The war for First Interstate Bancorp has escalated.

On Thursday, nine days after Wells Fargo & Co. launched a $10.1 billion hostile bid, two midwestern banks appear to be seriously considering making an offensive for the Los Angeles bank.

Norwest Corp. is said to have hired Merrill Lynch & Co., and Banc One Corp. is believed to have approached investment bankers, to help evaluate First Interstate's portfolio.

The companies, which seldom use outside merger advisers, would not confirm the news.

Rumors circulated among investment bankers that Wells is ready to hike its bid's exchange ratio from .625 to .7 Wells share for each First Interstate share.

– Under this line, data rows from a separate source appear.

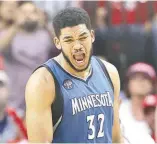  ?? AP ?? Karl Towns estuvo fuera de serie ayer para los Timberwolv­es de Minnesota.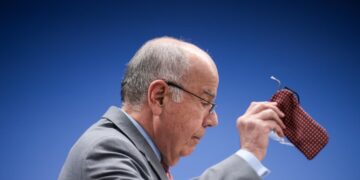 vieira-se-reune-com-embaixador-da-argentina-e-repudia-falas-de-milei
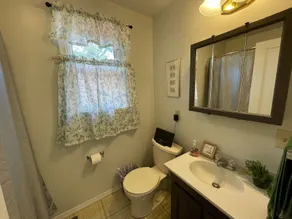 1920's Farmhouse with antique charm and quiet comfort.  Wineries, skiing, more! - Image 5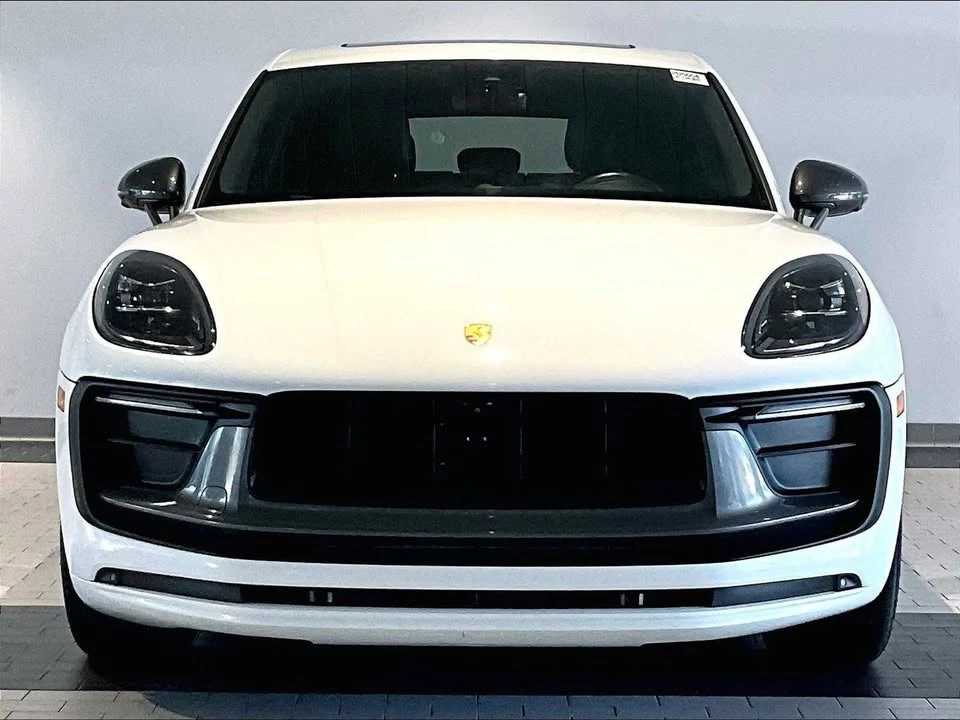 2023 Porsche Macan T - Image 10 of 20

This would raise the price from $129.50 per Interstate share to $145 per share.

Wells publicly said its original offer still stands, but added "there may be room for adjustments if First Interstate Bank can justify additional expense cuts," said a Wells Fargo spokeswoman.

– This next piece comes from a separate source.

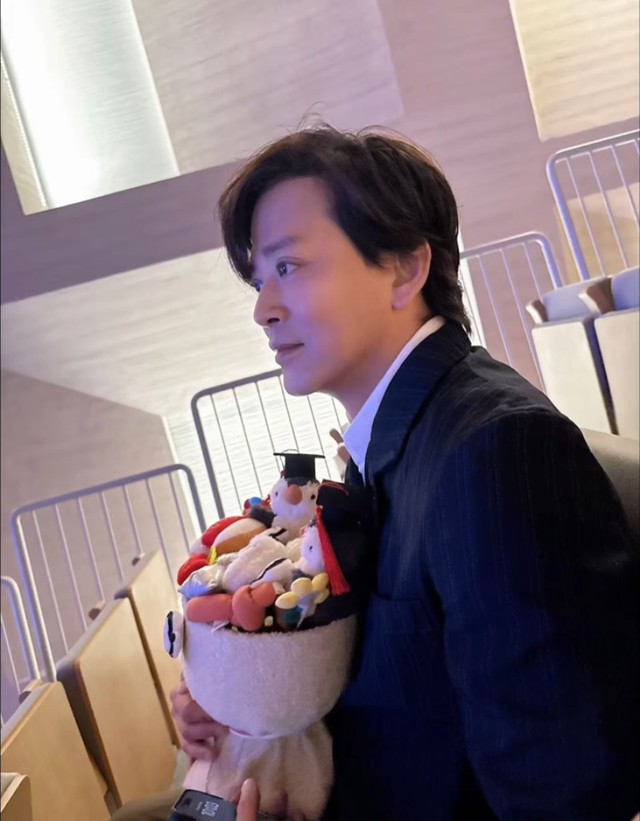 陈晓东参加女儿升学典礼,11岁女儿被推后表情抢镜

The developments arise as Wall Street's reaction to the Wells' bid appears to be shifting from enthusiastic to more critical.

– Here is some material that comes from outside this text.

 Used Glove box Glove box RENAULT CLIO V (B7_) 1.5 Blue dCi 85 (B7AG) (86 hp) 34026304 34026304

Shares of First Interstate climbed $4.125 to $124.625. Wells shares increased $1, to $208.25, but slipped as low as $204 earlier in the day. The two stocks had moved in opposite directions, indicating some investors believe Wells is no longer the only game in town.

"The Wells Fargo bid, in my opinion, is dead, it is senseless," said one investment banker not involved with the transaction. "The Wells' offer would have paid Interstate 12.5 times next year's earnings, when Interstate would have earned 12 times earnings anyway. Investors are waking up to the reality of the Wells bid."

But another investment banker said the new shareholders who have bought Interstate since the Wells bid would not accept an independence stand from management that would almost certainly drive the bank's shares back to the pre-bid level.

If Interstate resists, Wells will likely start a consent solicitation - and win, he said.

Also Thursday, First Interstate made its first public comment since the hostile bid was announced last week .

Yesterday, a spokeswoman said the bank was making progress reviewing it options, which included a sale to Wells Fargo.

Analysts were divided over what Interstate's best move would be.

George Salem, the analyst with Gerard Klauer Mattison who predicted a Wells Fargo-First Interstate marriage a few months ago, said Wells still made the most sense.

He said neither Norwest nor Banc One could bid $140 or more without dilution while Wells' could always raise its bid. In its analyst conference call last week, Wells' chief financial officer, Rodney Jacobs, said the bank had "wiggle room" in the bid.

But Francis Suozzo of S.G. Warburg said investors probably will be skeptical of Wells Fargo's argument that the deal's depression of reported earnings will not be as important as cash earnings.

Wells' reported earnings would take a significant hit for the next 20 years as it amortizes the price of the deal, which would be accounted for as a purchase.

Banc One, Norwest, and First Bank System, Mr. Suozzo said, could pool the deal, and thus afford to submit a lower bid.

While "Wells' valuation remains modestly above those of other acquirers, it is not so significant as to preempt other bidders from entering the fray," he said. "Finally, other acquirers have the advantage of being 'friendly.'"

Observers say Interstate's aversion can be traced both to the hostile nature of Wells' bid, and also to a concern for employee job losses if Wells, as expected, has to liquidate a huge portion of First Interstate's operation in California.

Assuming all of Wells estimated $800 million in expense savings came in California, that would mean 93% of First Interstate's $860 million in California overhead would be liquidated.

Bankers noted Wells eliminated 5,00 of 26,000 jobs within a year after it acquired Crocker National Corp. 1986. "There is a lot of myth and legend that surrounds Wells, that frankly they have curried over the years, of being the toughest guy on the block when it comes to slicing and dicing costs," said Richard C. Hartnack, vice chairman of Wells' cross-town rival Union Bank Corp. "I think the myth and legend of Wells makes everybody concerned about doing a deal with them."

- Barton Crockett contributed to this story.